There you have it. No startling revelations, just a few handy hints that have made my life a little easier.
Keeping warm doesn't present too much of a challenge in the comfort of your home. You have blankets in your linen cupboard and warm clothes in your wardrobe. You probably have a fireplace, electric heater or air conditioning to warm your home. Cooking your food isn't much of a challenge if you have a stove or oven.
If you are camping or find yourself stranded, a fire gives you light, heat and will boost your morale. Starting a fire and keeping it going will give you something constructive to do if you are stranded and waiting for help.
If you were stranded for a night or two, would you know how to light a fire? Do you have any equipment that would help you light a fire? I'm not suggesting that you walk around town with enough fire-lighting paraphernalia to rival your neighbourhood arsonist, I mean in your car (specifically, in that overnight-bag full of gear I suggested you carry a few weeks ago). If not, you should consider adding fire making tools to this bag.
Ideally, you should have at least three different ways to make fire. My preferences are:
- Weatherproof matches,
- A disposable lighter,
- A magnesium flint with striking steel.
There are other methods of lighting a fire, such as a bow-drill, but they require practice beforehand. You don't want to try these methods out for the first time when you are in serious trouble. You could also focus sunlight through a magnifying glass or the lens of your glasses onto tinder, but this only works on a clear, sunny day. No sun = no fire.
You should also carry some form of tinder with your fire-tools, because you can't always rely on your surroundings to provide you with something suitable. I suggest keeping your tinder in either a zip-lock bag or small, airtight plastic container. Two readily available sources (in every home) are:
- Lint from the dryer (not only is it highly flammable, it's free),
- Cotton balls infused with petroleum jelly (yes, that stuff you rub on your lips when they're chapped). Cotton wool with petroleum jelly burns four times longer than cotton wool on its own.

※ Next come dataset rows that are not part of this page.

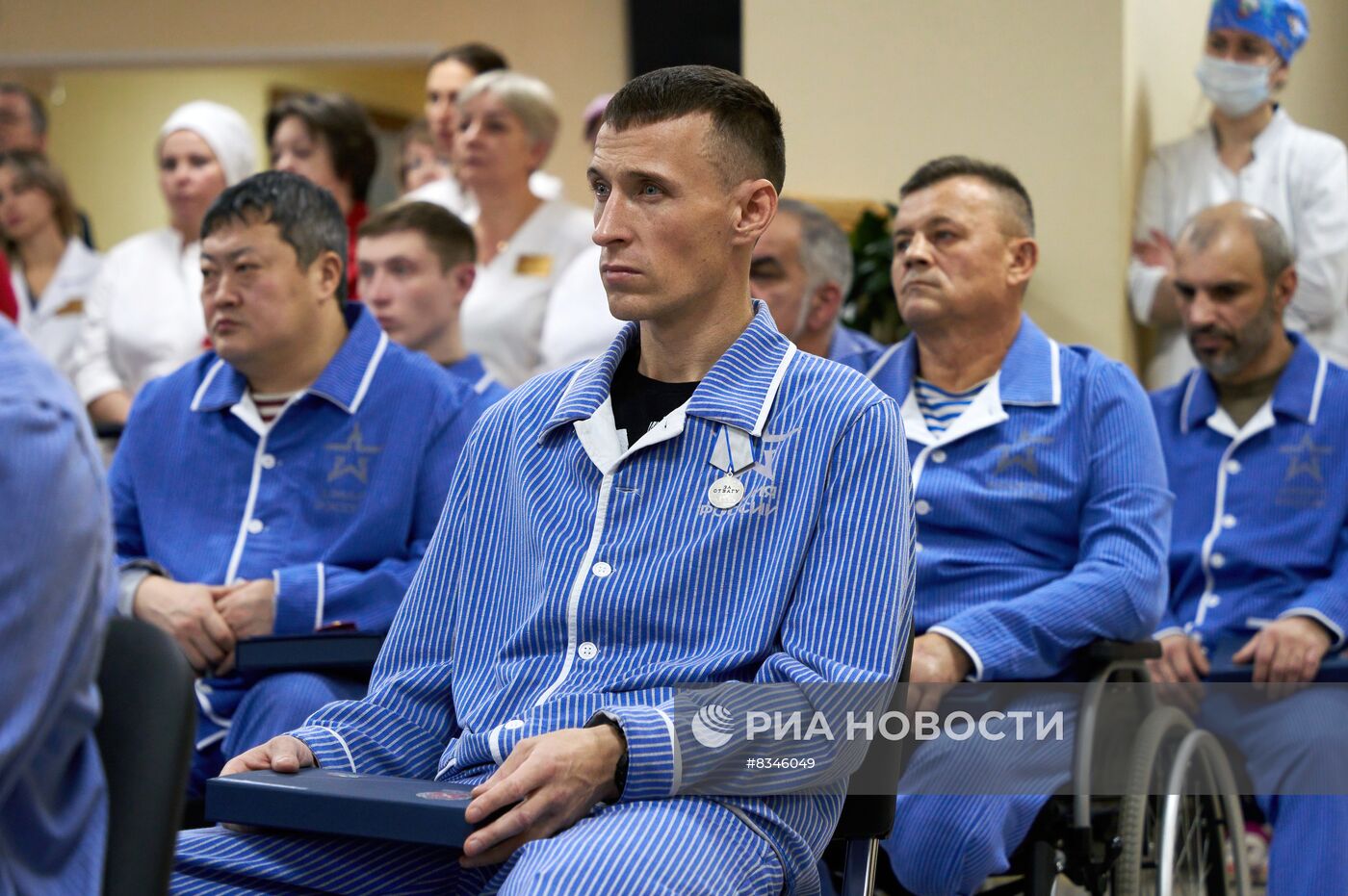 Участникам спецоперации, прошедшим переподготовку, вручены жилищные документы и госнаграды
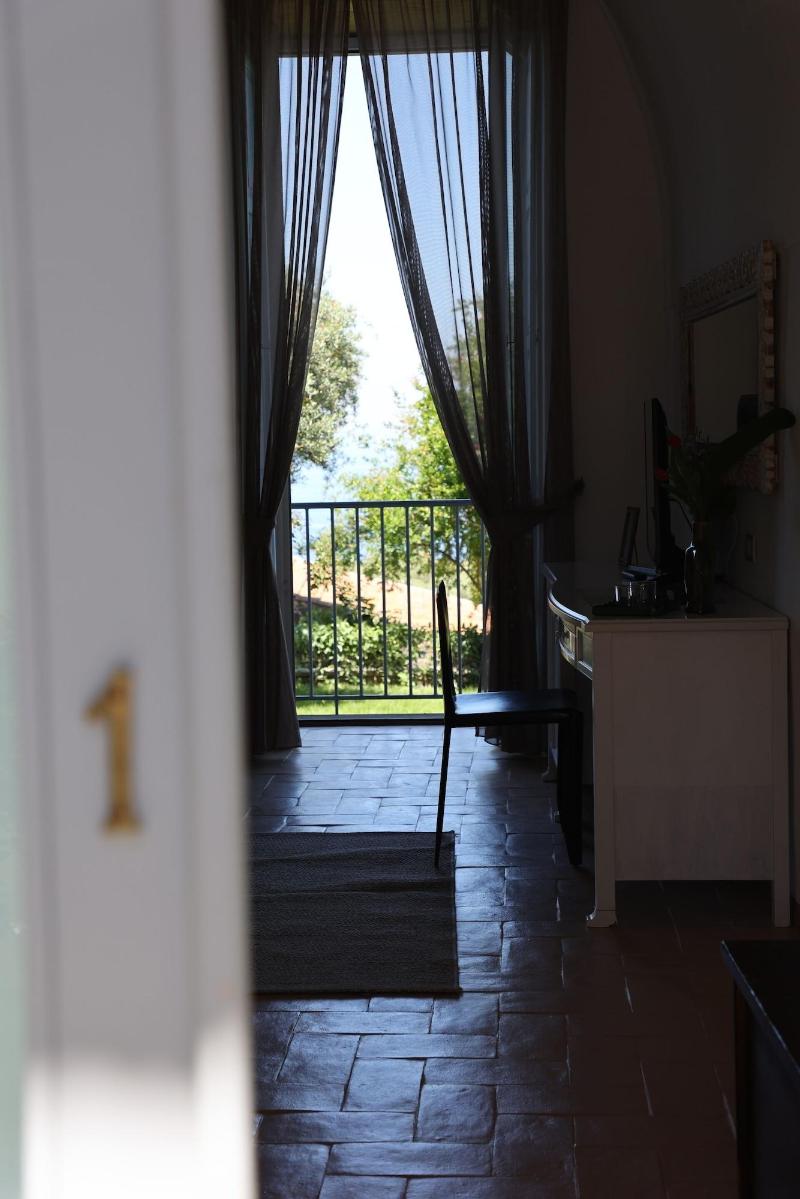 Villa Puolo - With Private Sea Access image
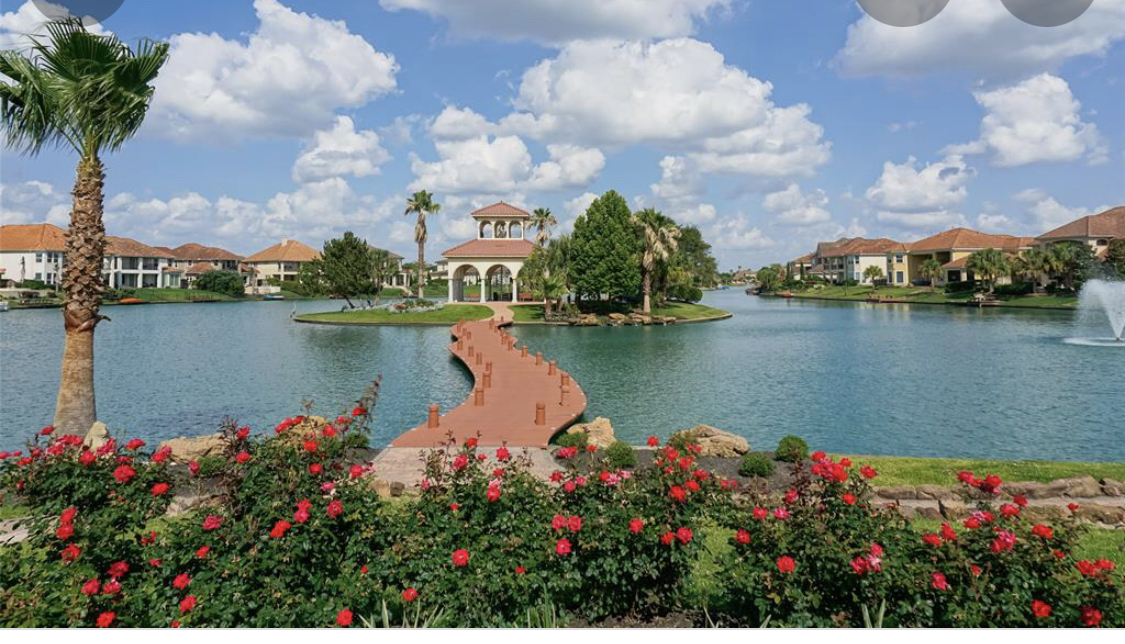 Windsor Park Lakes Community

The rest of your fire building is fairly straight forward. Gather your firewood, tinder and kindling first. Clear debris, even grass, from the area you intend to build your fire. Bare earth is best. Also, clear any debris that is near the fire. If possible, use rocks to build a ring around the fire. Then build your fire; tinder on the ground with a tee-pee or pyramid of kindling above it. Build a larger tee-pee of sticks above this. Once your fire is established, you can gradually feed larger and larger pieces of wood into the fire.

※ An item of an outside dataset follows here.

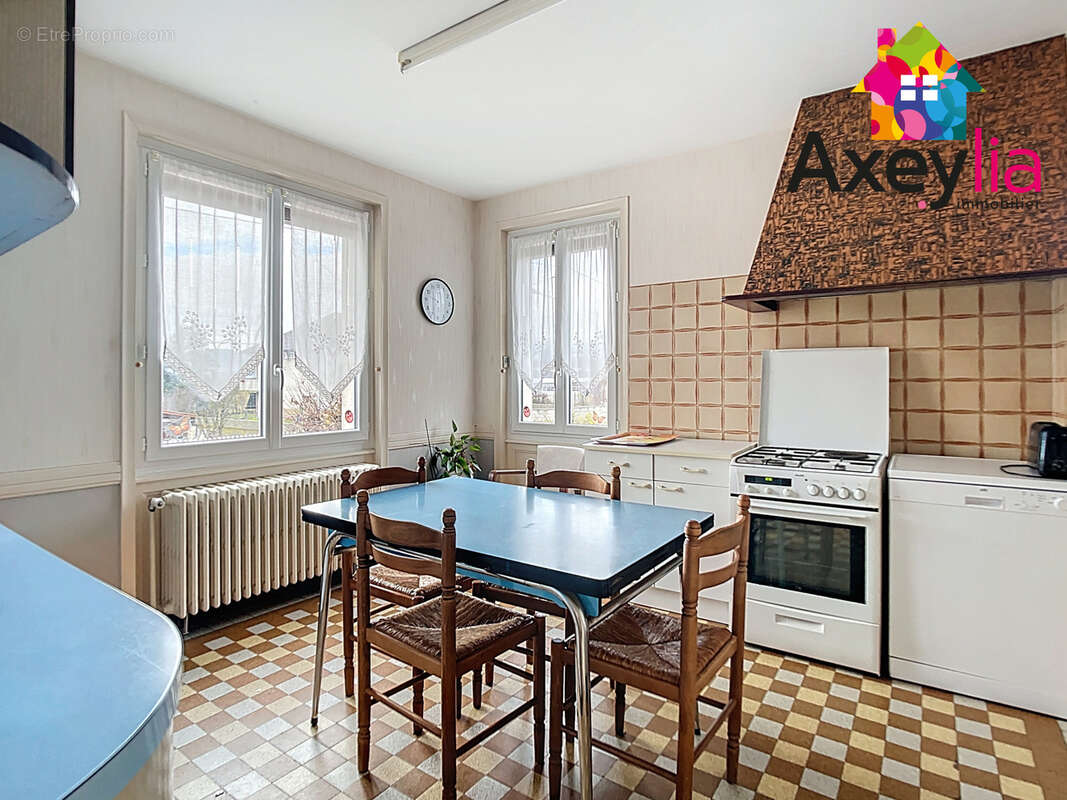 Maison à POUILLY-LES-NONAINS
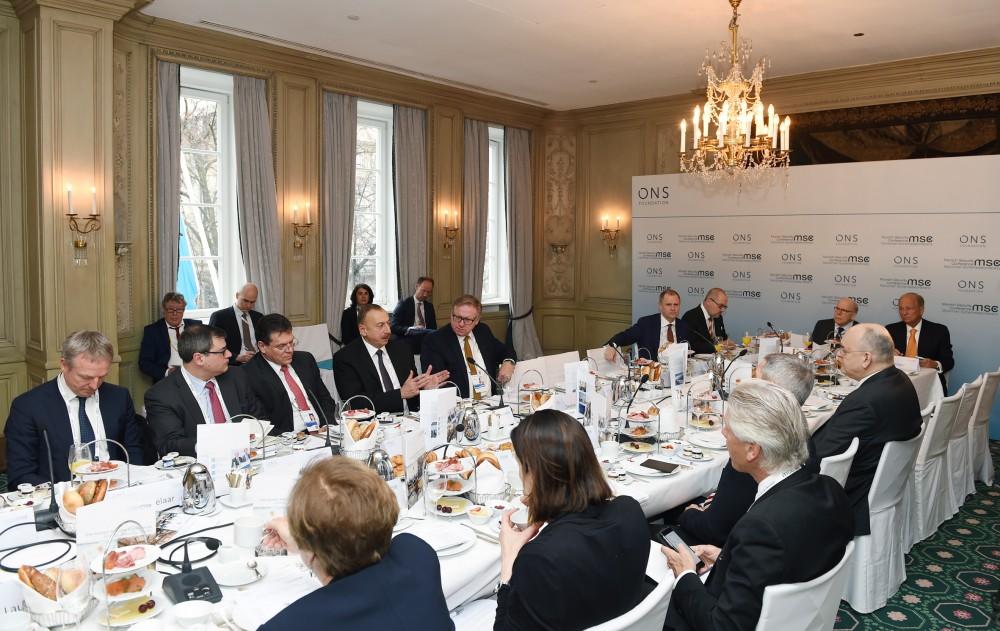 Президент Ильхам Алиев принял участие в «круглом столе» в рамках Мюнхенской конференции по безопасности (ФОТО)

I know this information is fairly basic, but not everyone knows how to build a fire. (Yes, I actually know adults who can't make a fire and keep it going once it's lit.)
Never leave your fire unattended. Once a fire is lit, accidents can happen (embers travel on the slightest of updraughts). When you are done with your fire, make sure you extinguish your fire properly. (Notice I keep referring to your fire? You created that fire, so you are responsible for not letting it get out of control. Even if you have no conscience and don't care about anyone else, do you really want to die in a forest fire that you caused?). After the fire burns out, drown the remains with water and stir it with a stick, ensuring nothing hot remains. Burying the remains with sand will help too.